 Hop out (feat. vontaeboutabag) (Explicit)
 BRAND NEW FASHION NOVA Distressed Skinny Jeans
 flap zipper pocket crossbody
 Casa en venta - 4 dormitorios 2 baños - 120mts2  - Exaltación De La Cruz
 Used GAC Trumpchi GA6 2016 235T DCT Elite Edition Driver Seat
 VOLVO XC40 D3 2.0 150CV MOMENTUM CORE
--
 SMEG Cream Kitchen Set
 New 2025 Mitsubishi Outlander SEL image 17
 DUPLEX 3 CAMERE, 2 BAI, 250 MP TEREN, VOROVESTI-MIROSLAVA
==
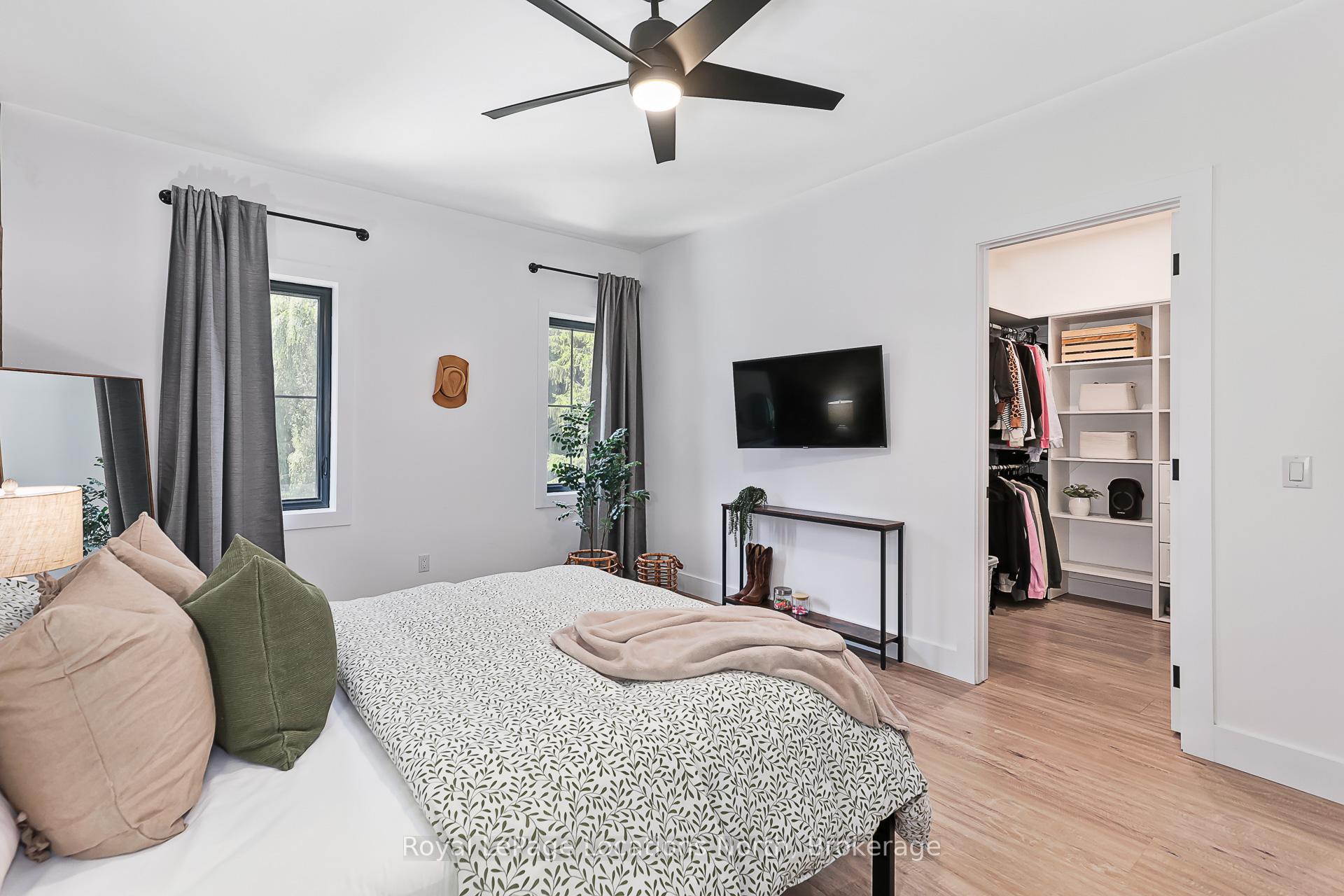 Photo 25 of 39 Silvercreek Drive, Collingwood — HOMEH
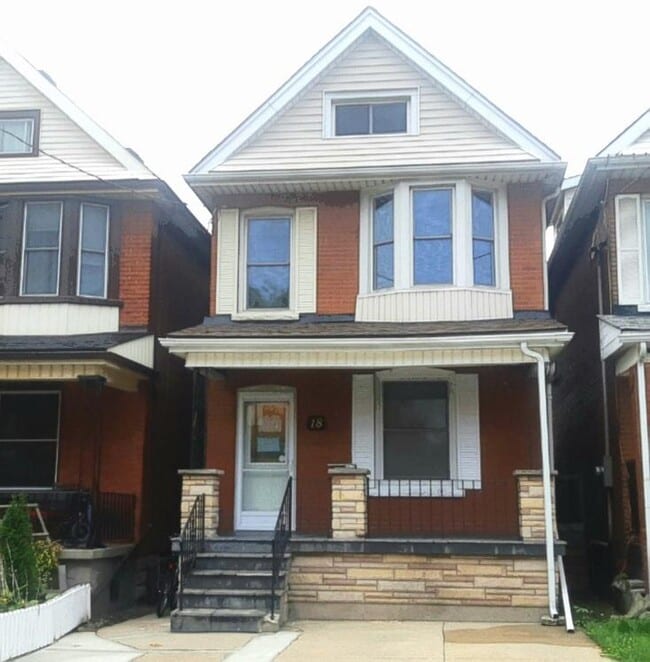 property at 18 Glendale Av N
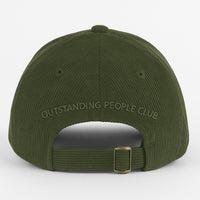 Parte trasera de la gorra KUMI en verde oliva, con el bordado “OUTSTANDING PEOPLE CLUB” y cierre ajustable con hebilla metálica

*What needs to be done:* Set down exactly the lines of the data above, beginning with the line that has "Hop out (feat. vontaeboutabag) (Explicit)" and ending with the line that has "VOLVO XC40 D3 2.0 150CV MOMENTUM CORE", and no others.

*Task solution:*
 Hop out (feat. vontaeboutabag) (Explicit)
 BRAND NEW FASHION NOVA Distressed Skinny Jeans
 flap zipper pocket crossbody
 Casa en venta - 4 dormitorios 2 baños - 120mts2  - Exaltación De La Cruz
 Used GAC Trumpchi GA6 2016 235T DCT Elite Edition Driver Seat
 VOLVO XC40 D3 2.0 150CV MOMENTUM CORE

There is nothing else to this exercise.